Kennedy’s murder devastated him: “Of the grim days that followed, I can only say that it was a shattering sensation to discover quite abruptly that one had lived the best years of one’s life between the ages of forty-eight and fifty-three. I had never known I loved the president … until I felt the impact of his death.”
The war that Kennedy left behind brought out the worst in Joseph Alsop. His tours of the Vietnam front—there were a dozen of them—were more like royal progresses than reporter’s forays, with special helicopters and full-scale military escorts laid on wherever he wished to go, and his venomous attacks on younger reporters whose understanding of what was happening turned out to be far greater than his were unworthy of him.
Alsop could see disaster coming. America could not contain the Vietnamese civil war, and in 1975, just five months before the last U.S. troops withdrew from Saigon, he discontinued his column.
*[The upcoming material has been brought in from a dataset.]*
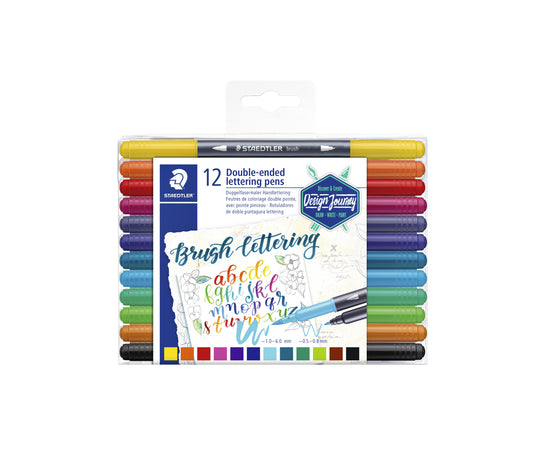 Staedtler Brushpen Lettering Duo 0,5-6 mm Assorti (12 kleuren)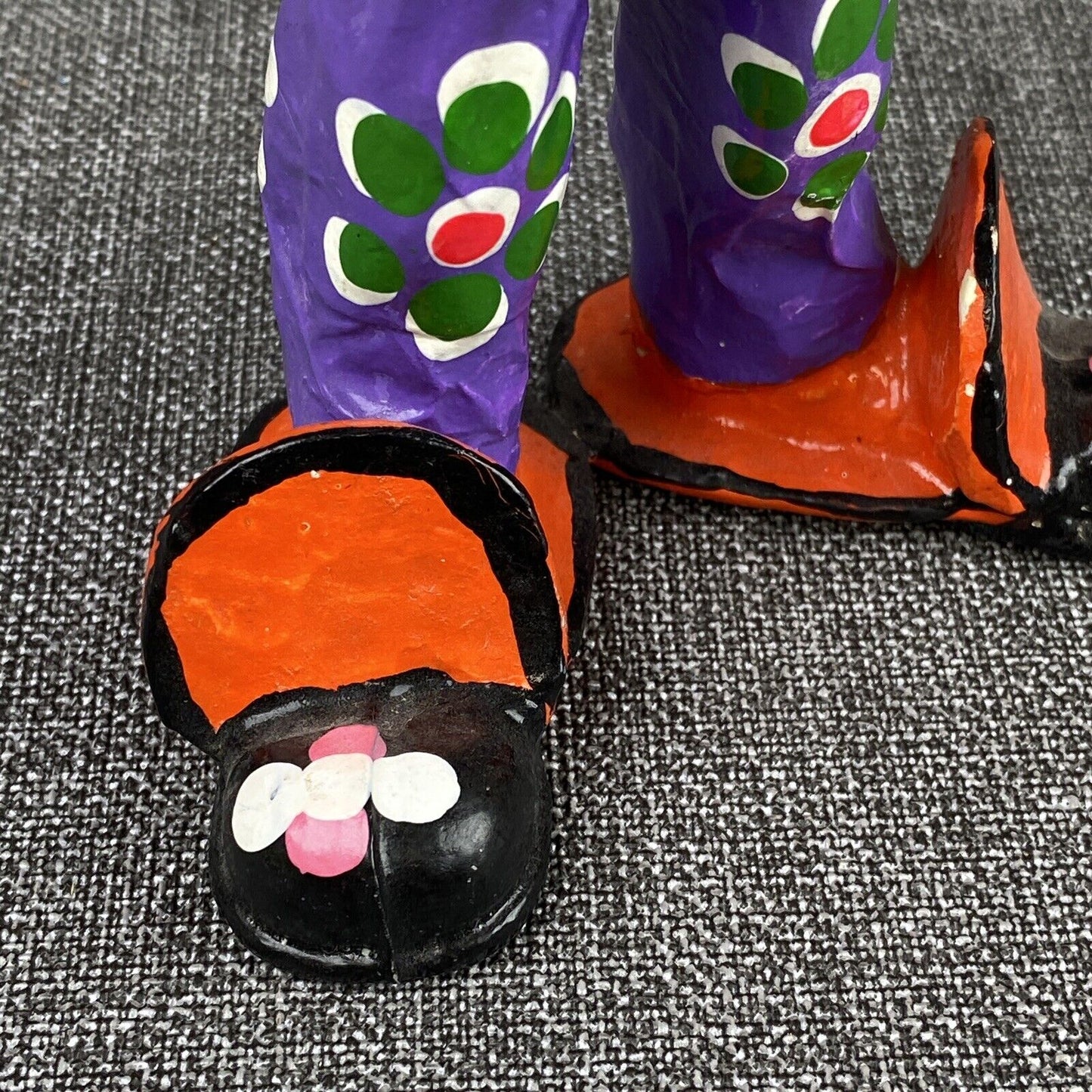 Mache Clown Umbrella Handpainted Vintage Colorful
Thereafter he devoted himself largely to art collecting, and it is perhaps understandable that when he came to write his reminiscences, he was careful to virtually omit the last quarter of a century of his life, during which most traces of the world into which he was born seemed finally to disappear, and the men in whom he had such faith were proved little wiser than anyone else.